■ **Task directions**: In the output, include exactly the lines from the beginning of the records up to and including the one that contains "Camphor Wood Yin", and leave out the pictures.

Caption-style text data
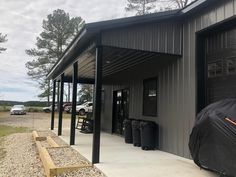 a black umbrella sitting on the side of a building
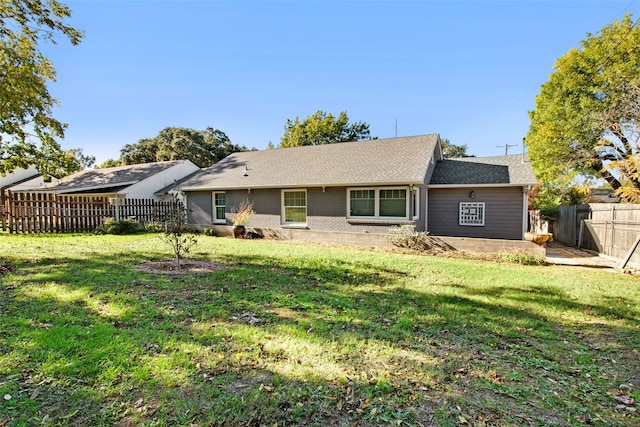 back of property featuring a lawn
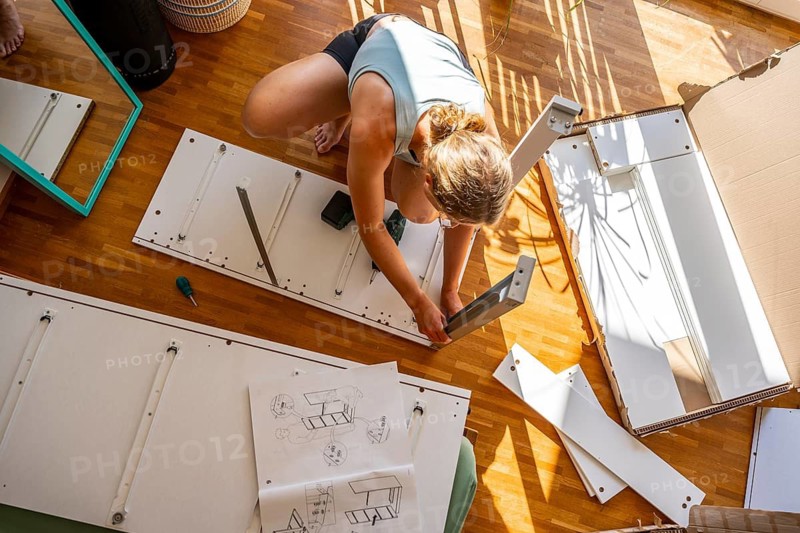 Young woman setting up a shelf, furniture assembly with screwdriver, IKEA furniture in a new apartment, moving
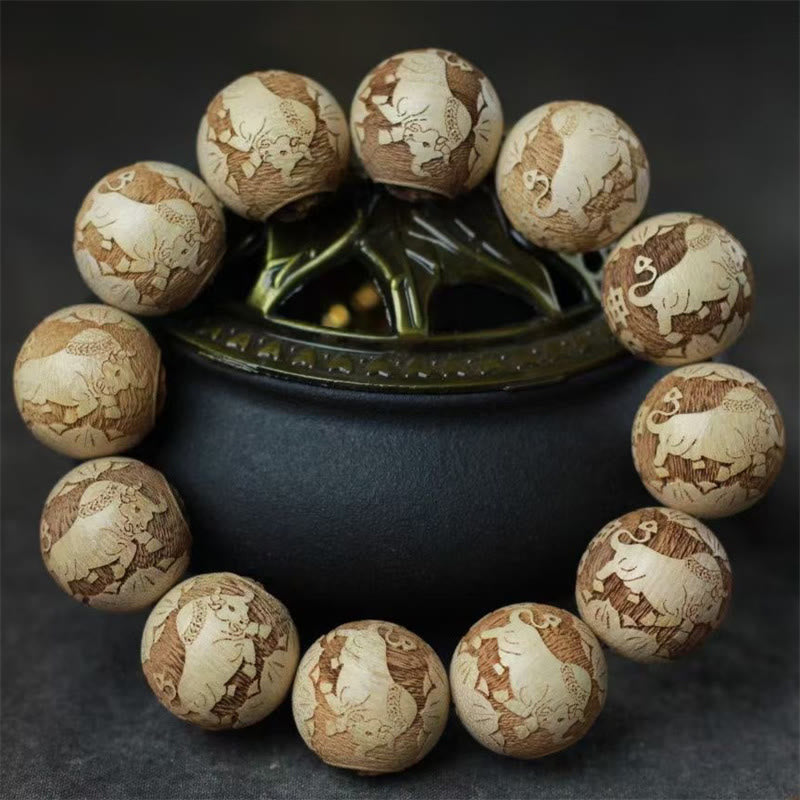 Camphor Wood Yin Yang Ox Engraved Bracelet - elephant motif carved beads circular display, wood jewelry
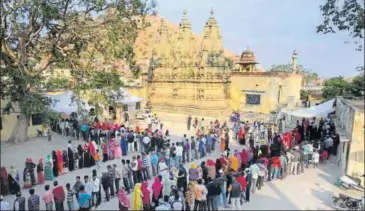  ?? HIMANSHU VYAS/HT PHOTO ?? Voters queue up at a polling booth in the backdrop of centuries-old temple spires and a mosque, in the historical township of Amber, in Jaipur district on Friday.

■ **Solution for this task**:
 a black umbrella sitting on the side of a building
 back of property featuring a lawn
 Young woman setting up a shelf, furniture assembly with screwdriver, IKEA furniture in a new apartment, moving
 Camphor Wood Yin Yang Ox Engraved Bracelet - elephant motif carved beads circular display, wood jewelry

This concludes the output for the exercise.